Hong Kong Arrests 13 Contractors for Suspected Manslaughter After Wang Fuk Court Fire Kills 151
Key Takeaways
- Fire gutted seven of eight Wang Fuk Court towers, killing at least 151 people.
- Police arrested 13 contractors on suspicion of manslaughter over renovation work.
- Investigators found non‑fire‑retardant scaffolding netting and flammable exterior insulation used.
Tai Po estate fire
A catastrophic fire swept through the Wang Fuk Court public housing estate in Tai Po in late November, rapidly engulfing seven of the eight 32-storey towers and producing one of Hong Kong’s deadliest peacetime incidents.
“A huge blaze tore through Wang Fuk Court, a subsidised housing estate in Tai Po, Hong Kong, in late November 2025, engulfing seven of its eight towers”
Reporting on the human toll varies: some outlets cite a death toll of 128 and hundreds unaccounted for, while others give higher figures, with one regional report placing the toll at 151.

Authorities continue identification and recovery operations and warn that the numbers may change as work proceeds.
The blaze is widely reported to have started near scaffolding and netting on the exterior and to have spread quickly through combustible renovation materials.
Emergency crews and investigators remain on site as rescue and forensic work continues.
Renovation arrests and probe
Authorities have arrested multiple people connected to the renovation works, though reporting differs on the exact number and who was detained.
Some outlets report 11 arrests including engineering consultants, scaffolding subcontractors and company directors, while at least one regional wire reports 13 arrests.

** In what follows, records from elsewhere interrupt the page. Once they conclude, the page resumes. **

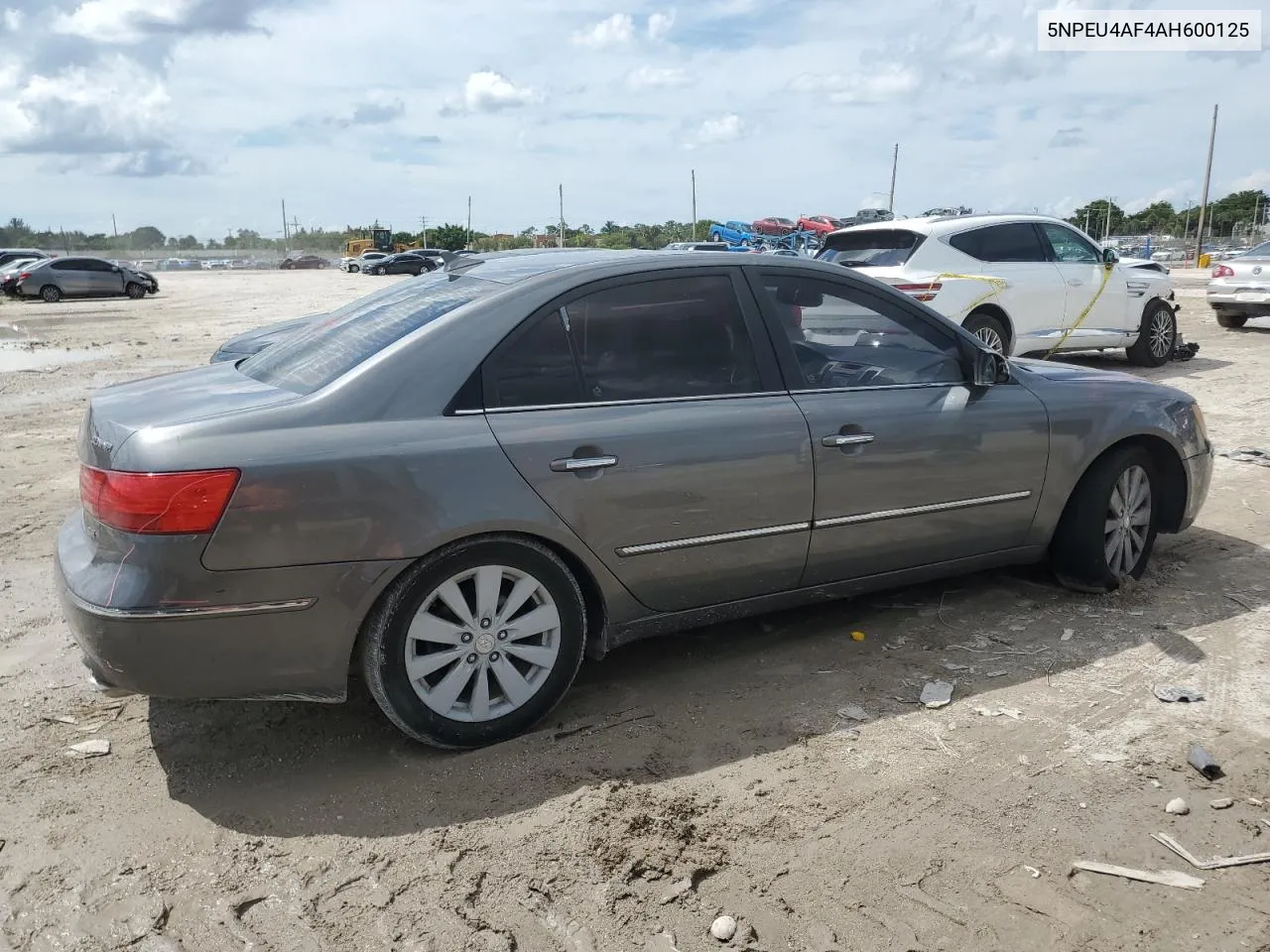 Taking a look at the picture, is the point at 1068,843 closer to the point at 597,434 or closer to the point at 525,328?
the point at 597,434

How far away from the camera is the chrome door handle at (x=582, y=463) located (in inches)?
135

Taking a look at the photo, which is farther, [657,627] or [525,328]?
[657,627]

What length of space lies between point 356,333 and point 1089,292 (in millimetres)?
9802

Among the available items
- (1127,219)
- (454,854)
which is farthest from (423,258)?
(1127,219)

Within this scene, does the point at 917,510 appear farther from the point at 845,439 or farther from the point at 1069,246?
the point at 1069,246

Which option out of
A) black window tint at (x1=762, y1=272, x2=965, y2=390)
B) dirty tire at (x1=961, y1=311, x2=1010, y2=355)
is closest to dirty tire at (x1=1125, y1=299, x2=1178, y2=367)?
dirty tire at (x1=961, y1=311, x2=1010, y2=355)

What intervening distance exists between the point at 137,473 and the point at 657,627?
1.80 meters

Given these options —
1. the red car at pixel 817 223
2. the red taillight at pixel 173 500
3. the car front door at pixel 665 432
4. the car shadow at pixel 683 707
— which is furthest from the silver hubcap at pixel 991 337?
the red car at pixel 817 223

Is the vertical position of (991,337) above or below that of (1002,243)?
below

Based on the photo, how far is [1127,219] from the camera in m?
86.6

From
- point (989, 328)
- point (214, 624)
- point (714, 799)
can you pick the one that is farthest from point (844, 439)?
point (989, 328)

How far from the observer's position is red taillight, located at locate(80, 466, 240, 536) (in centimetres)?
298

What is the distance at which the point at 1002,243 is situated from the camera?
35.1ft

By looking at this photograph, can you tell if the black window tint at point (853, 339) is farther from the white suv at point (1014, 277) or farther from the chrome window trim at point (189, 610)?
the white suv at point (1014, 277) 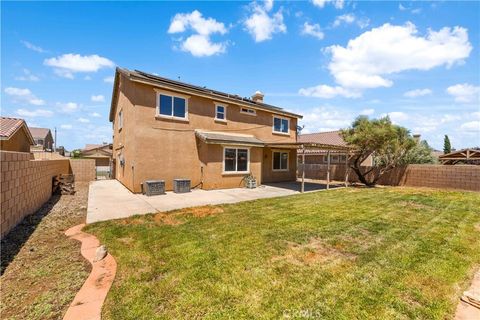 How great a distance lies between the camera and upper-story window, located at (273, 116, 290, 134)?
62.4 feet

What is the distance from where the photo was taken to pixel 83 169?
60.8 ft

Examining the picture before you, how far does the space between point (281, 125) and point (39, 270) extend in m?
17.7

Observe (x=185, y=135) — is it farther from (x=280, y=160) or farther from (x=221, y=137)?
(x=280, y=160)

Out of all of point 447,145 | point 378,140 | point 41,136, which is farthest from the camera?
point 41,136

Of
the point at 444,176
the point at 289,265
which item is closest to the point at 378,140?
the point at 444,176

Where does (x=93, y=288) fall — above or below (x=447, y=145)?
below

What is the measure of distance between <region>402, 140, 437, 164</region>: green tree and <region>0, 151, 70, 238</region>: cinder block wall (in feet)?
82.3

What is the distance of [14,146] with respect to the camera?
1436cm

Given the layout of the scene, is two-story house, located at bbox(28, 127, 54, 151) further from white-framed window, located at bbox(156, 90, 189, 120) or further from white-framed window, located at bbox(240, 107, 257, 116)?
white-framed window, located at bbox(240, 107, 257, 116)

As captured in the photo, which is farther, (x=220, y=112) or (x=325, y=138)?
A: (x=325, y=138)

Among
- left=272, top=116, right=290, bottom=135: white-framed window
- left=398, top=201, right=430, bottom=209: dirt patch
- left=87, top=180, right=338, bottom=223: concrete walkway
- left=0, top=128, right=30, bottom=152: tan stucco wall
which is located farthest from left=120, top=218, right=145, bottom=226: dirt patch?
left=272, top=116, right=290, bottom=135: white-framed window

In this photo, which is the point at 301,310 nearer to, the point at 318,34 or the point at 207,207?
the point at 207,207

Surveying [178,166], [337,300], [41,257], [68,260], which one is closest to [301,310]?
[337,300]

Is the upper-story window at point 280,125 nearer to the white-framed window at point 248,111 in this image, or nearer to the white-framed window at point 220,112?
the white-framed window at point 248,111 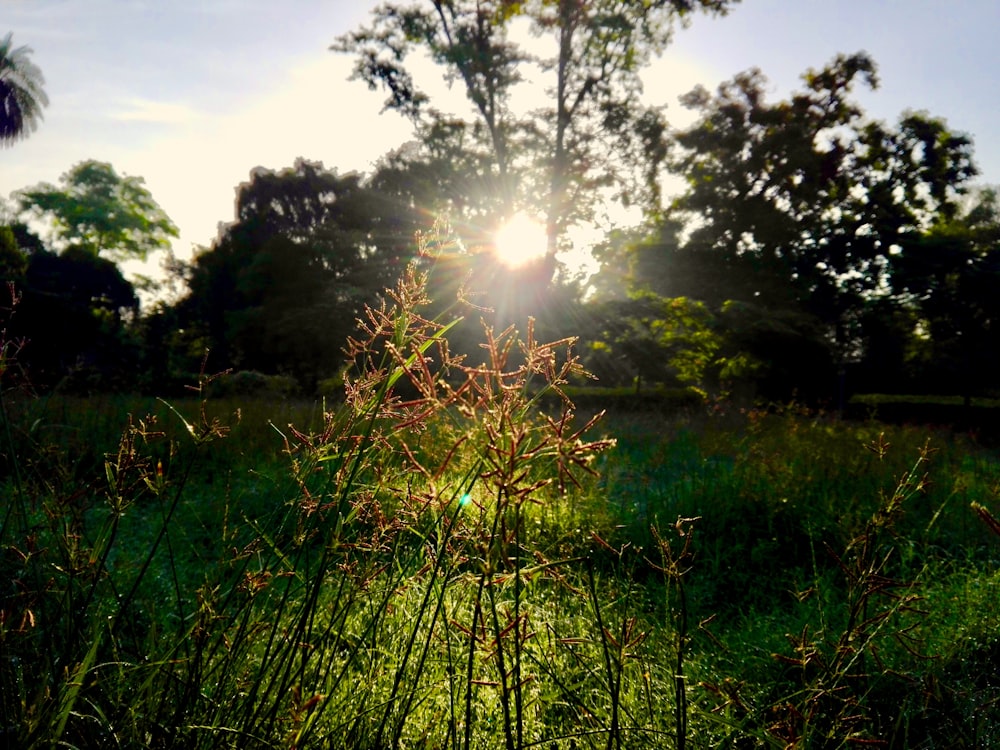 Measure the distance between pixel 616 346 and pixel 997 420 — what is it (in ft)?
29.8

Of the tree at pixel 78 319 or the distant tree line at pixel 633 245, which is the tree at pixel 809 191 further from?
the tree at pixel 78 319

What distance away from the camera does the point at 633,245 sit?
18.9 meters

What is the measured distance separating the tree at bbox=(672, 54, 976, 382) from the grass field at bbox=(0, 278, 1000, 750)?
45.0 ft

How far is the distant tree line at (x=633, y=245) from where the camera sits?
17625 mm

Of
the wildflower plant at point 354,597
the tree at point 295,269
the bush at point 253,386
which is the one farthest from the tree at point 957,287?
the wildflower plant at point 354,597

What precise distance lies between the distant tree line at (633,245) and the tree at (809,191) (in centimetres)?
7

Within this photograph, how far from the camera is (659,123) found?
20000 mm

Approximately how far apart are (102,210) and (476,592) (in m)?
49.7

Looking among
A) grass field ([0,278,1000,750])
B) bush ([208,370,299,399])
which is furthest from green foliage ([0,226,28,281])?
grass field ([0,278,1000,750])

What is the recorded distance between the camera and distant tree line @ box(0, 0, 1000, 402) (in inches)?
694

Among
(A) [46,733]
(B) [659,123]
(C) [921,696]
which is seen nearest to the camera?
(A) [46,733]

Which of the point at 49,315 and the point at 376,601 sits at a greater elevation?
the point at 49,315

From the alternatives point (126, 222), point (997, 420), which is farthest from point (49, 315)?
point (126, 222)

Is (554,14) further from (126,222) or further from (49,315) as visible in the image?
(126,222) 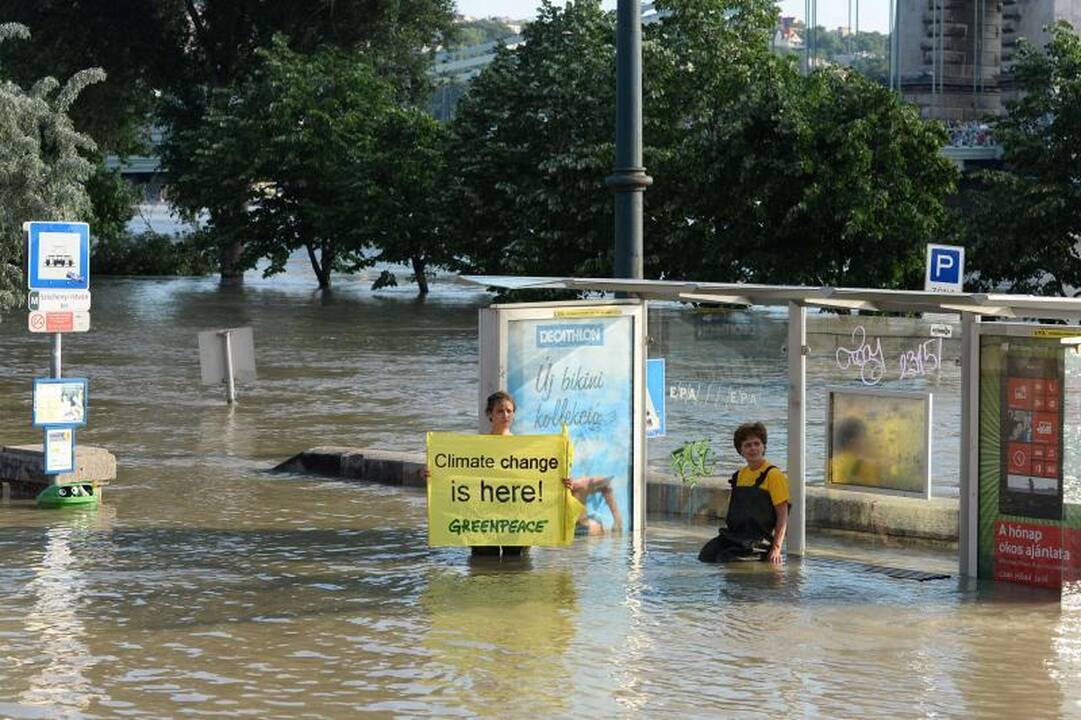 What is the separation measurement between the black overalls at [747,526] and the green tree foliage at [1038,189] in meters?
23.5

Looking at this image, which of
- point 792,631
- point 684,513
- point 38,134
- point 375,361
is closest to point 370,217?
point 375,361

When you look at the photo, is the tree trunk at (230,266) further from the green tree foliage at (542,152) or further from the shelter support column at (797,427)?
the shelter support column at (797,427)

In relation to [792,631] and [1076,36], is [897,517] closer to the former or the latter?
[792,631]

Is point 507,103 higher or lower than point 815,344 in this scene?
higher

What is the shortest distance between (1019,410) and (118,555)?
5.84m

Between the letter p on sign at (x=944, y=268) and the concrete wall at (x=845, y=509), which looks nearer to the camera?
the concrete wall at (x=845, y=509)

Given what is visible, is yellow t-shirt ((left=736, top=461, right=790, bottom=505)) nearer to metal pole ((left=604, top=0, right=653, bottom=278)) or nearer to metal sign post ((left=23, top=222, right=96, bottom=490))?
metal pole ((left=604, top=0, right=653, bottom=278))

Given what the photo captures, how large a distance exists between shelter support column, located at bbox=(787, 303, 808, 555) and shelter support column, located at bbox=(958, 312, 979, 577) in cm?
126

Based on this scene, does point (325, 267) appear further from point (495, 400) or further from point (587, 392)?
point (495, 400)

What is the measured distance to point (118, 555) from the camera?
12750 millimetres

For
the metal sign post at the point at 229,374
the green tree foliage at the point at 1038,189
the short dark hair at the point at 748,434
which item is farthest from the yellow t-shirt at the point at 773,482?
the green tree foliage at the point at 1038,189

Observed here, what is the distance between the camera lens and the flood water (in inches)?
343

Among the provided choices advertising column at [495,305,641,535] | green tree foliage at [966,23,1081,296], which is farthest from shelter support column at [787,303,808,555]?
green tree foliage at [966,23,1081,296]

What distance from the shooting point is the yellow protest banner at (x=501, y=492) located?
12.5 meters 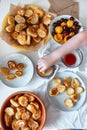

Other outlets describe an initial set of manslaughter-related detentions followed by additional anti-corruption probes.
The Independent, ABC and Deccan Herald note suspects include company directors and engineering consultants linked to contractor Prestige Construction.
Police and Hong Kong’s Independent Commission Against Corruption (ICAC) are reported to be seizing documents and bank records as part of a wider probe into possible corruption and unsafe materials.
Fire spread and oversight
Investigators and many news outlets point to external renovation materials and scaffolding as the likely cause of the rapid exterior spread.
“A news outlet pledged to provide round-the-clock (24/7) live coverage of the disaster”
Reports repeatedly cite bamboo scaffolding, green protective mesh, and combustible foam or polystyrene boards as critical factors that allowed flames to race up facades and, in some accounts, shatter glass and enter apartments.
Several outlets describe alarms failing to warn residents.
At the same time, some official statements and agency notes cited in coverage say certain netting carried product certificates or that the Labour Department had previously assessed the site's risk as relatively low.
That detail was used by some outlets to highlight regulatory gaps or enforcement failures.
Human impact and coverage
The human impact and community response are prominent across outlets but are framed differently.
Many mainstream reports emphasise official mourning, evacuation numbers and identification challenges, noting a HK$300 million relief fund, three-minute silences and condolence books.

Alternative and regional outlets foreground the plight of displaced residents, highlight migrant domestic workers among the casualties, and call for an independent inquiry and better resettlement.
Coverage also varies on missing-person figures and identification progress, with some reporting only dozens identified so far and others warning that hundreds remain unaccounted for.
Official responses and investigations
Official and central-government responses combine immediate relief, widespread inspections and a criminal‑forensic probe, prompting differing emphases across coverage.
“Here are the key points from the excerpts you provided: - Venezuela: The National Assembly created a special commission to investigate a series of deadly U”
Beijing and mainland regulators ordered nationwide inspections of high‑rise fire risks, and the Work Safety Committee moved to inspect occupied residential towers; meanwhile Hong Kong authorities halted some private building works and opened corruption and manslaughter investigations.
Some outlets highlight national‑security warnings against politicising the tragedy, while others stress long‑term regulatory reform and independent inquiries.
Calls for accountability — and questions about whether material suppliers, contractors or enforcement failures are to blame — dominate the next phase of reporting.